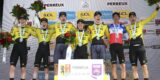 Drie onverwachte pionnen in de jacht op Tadej Pogačar: dit is het Tour-plan van Visma | Lease a Bike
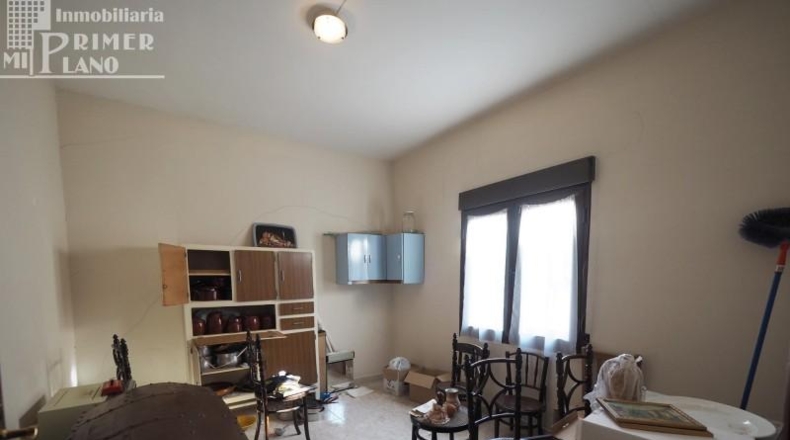 Ciudad Real - Tomelloso - 206m2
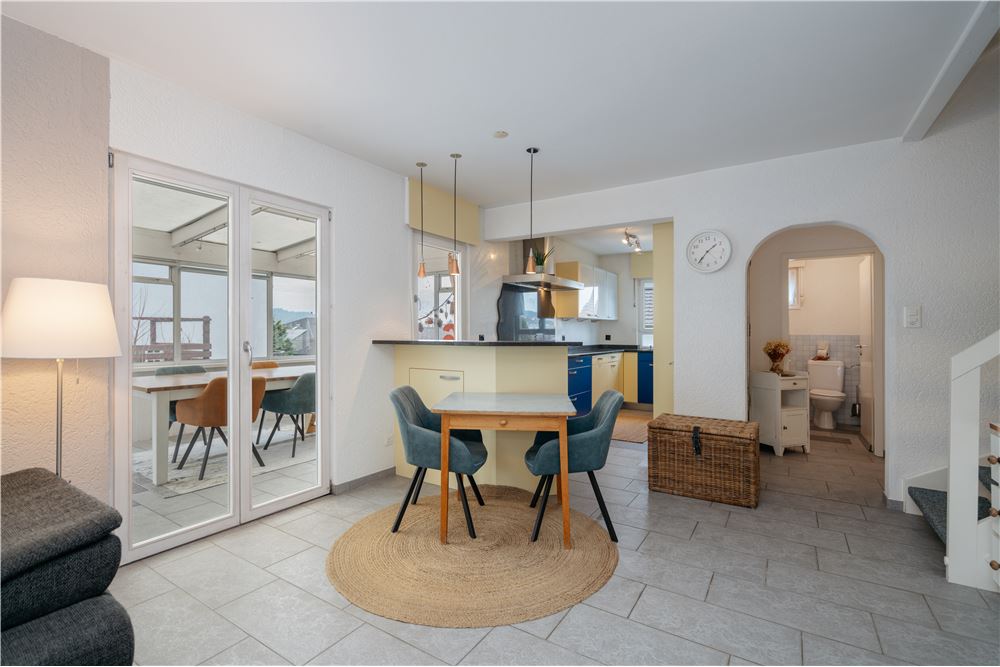 Residential - Semi-Detached House - Stetten, Aargau - CH - 22 - 118921025-87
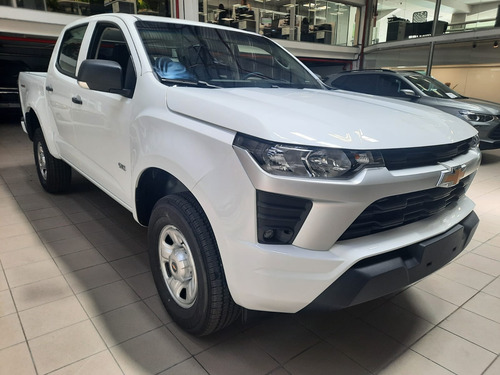 Chevrolet S10 2.8 Cd 4X2 Wt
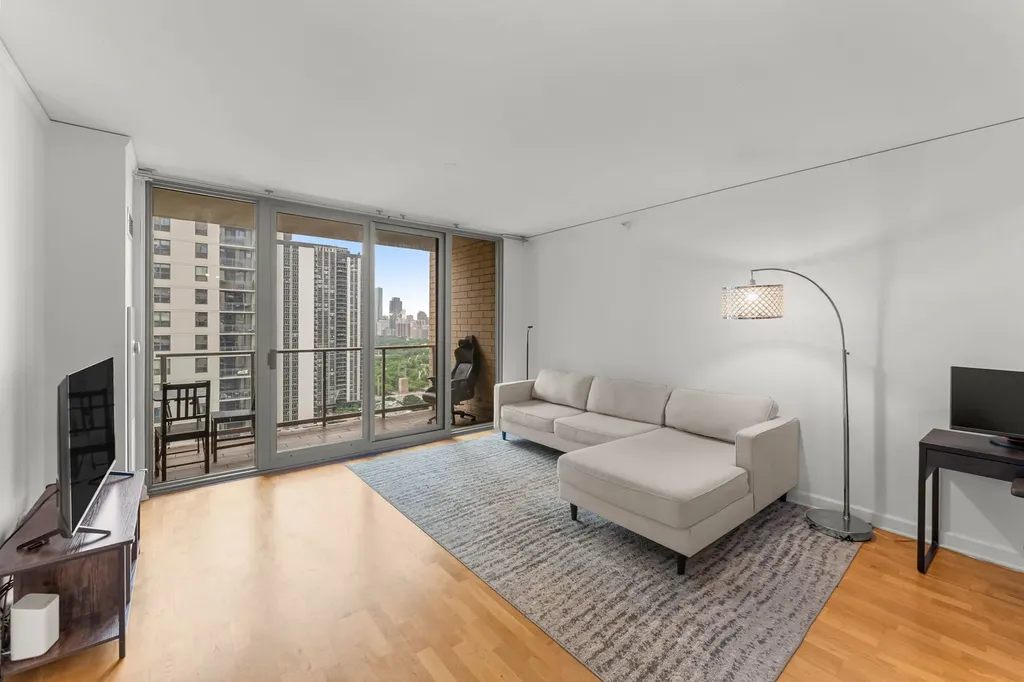 420 East Waterside Drive Chicago IL 60601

▬▬▬▬▬▬▬▬▬▬

- _WHAT THE EXERCISE ASKS_
From the material above, reproduce everything verbatim except the pictures.

- _ANSWER FOR THIS EXERCISE_
 Drie onverwachte pionnen in de jacht op Tadej Pogačar: dit is het Tour-plan van Visma | Lease a Bike
 Ciudad Real - Tomelloso - 206m2
 Residential - Semi-Detached House - Stetten, Aargau - CH - 22 - 118921025-87
 Chevrolet S10 2.8 Cd 4X2 Wt
 420 East Waterside Drive Chicago IL 60601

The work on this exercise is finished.